Analyzing Salesforce Data with StreamSets, Elasticsearch, and Kibana

After I published a proof-of-concept Salesforce Origin for StreamSets Data Collector (SDC), I noticed an article on the Elastic blog, Analyzing Salesforce Data with Logstash, Elasticsearch, and Kibana. In the blog entry, Elastic systems architect Russ Savage (now at Cask Data), explains the motivation for ingesting Salesforce data into Elasticsearch:

Working directly with sales and marketing operations, we outlined a number of challenges they had that might be solved with this solution. Those included:

Interactive time-series snapshot analysis across a number of dimensions. By sales rep, by region, by campaign and more.

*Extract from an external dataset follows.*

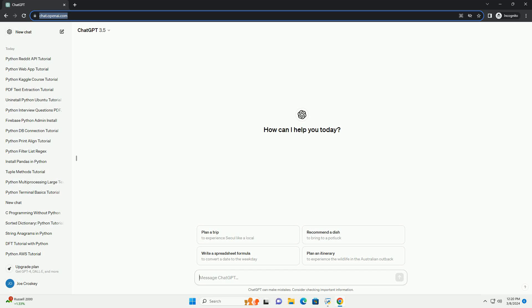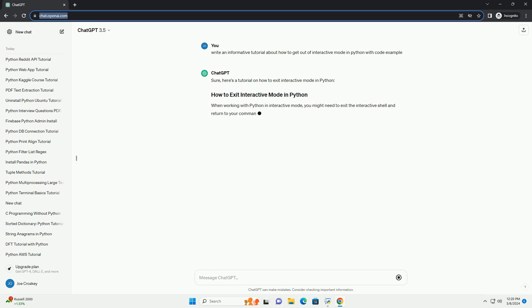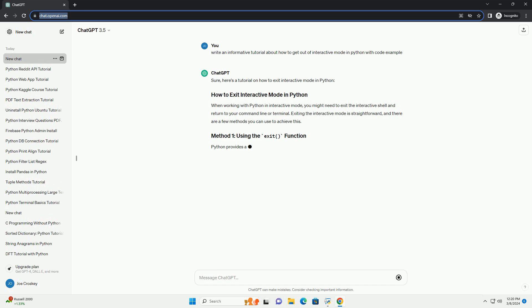Run the code online or download from codegive.com, link in the description below. Here's a tutorial on how to exit interactive mode in Python. When working with Python in interactive mode, you might need to exit the interactive shell and return to your command line or terminal. Exiting the interactive mode is straightforward, and there are a few methods you can use to achieve this.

Which sales reps moved the most pipeline the day before the end of month/quarter? What was the progression of Stage 1 opportunities over time.

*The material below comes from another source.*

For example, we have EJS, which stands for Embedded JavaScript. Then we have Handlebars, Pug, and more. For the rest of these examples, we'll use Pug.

Correlating data outside of Salesforce (like web traffic) to pipeline building and demand. By region/country/state/city and associated pipeline.

It’s very challenging to look back in time and see trends in the data. Many companies have configured Salesforce to save reporting snapshots, but if you’re like me, you want to see the data behind the aggregate report. I want the ability to drill down to any level of detail, for any timeframe, and find any metric. We found that Salesforce snapshots just aren’t flexible enough for that.

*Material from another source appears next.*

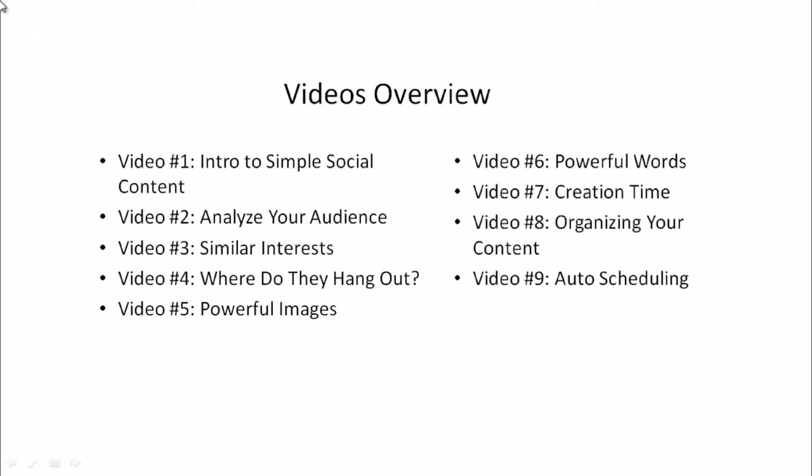Video number five, we're going to talk about powerful images and where you can go about finding them. Video number six, we're going to talk about powerful words and how you can go find them as well. And last but not least, we'll take all that information in video number seven and show you how to go about creating these simple pieces of content really, really fast.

Since we have first-class support for Elasticsearch as a destination in SDC, I decided to recreate the use case with the Salesforce Origin and see if we could fulfill those same requirements while taking advantage of StreamSets’ interactive pipeline IDE and ability to continuously monitor origins for new data.

Querying Salesforce from StreamSets Data Collector

Currently, the Salesforce Origin is available via a GitHub repo, but the plan is to move it into SDC proper at some point in the near future. To install the origin, extract the tarball into the SDC user-libs directory:

$ cd path-to-sdc/user-libs
$ tar xvfz force-lib-1.0-SNAPSHOT.jar

Since the origin needs to connect to the Salesforce API, we must edit the SDC security policy file. Add a section to path-to-sdc/etc/sdc-security.policy:

grant codebase "file://${sdc.dist.dir}/user-libs/force-lib/-" {
    permission java.net.SocketPermission "*", "connect, resolve";
};

(Curious about why we need the * wildcard in the policy? Here’s the answer)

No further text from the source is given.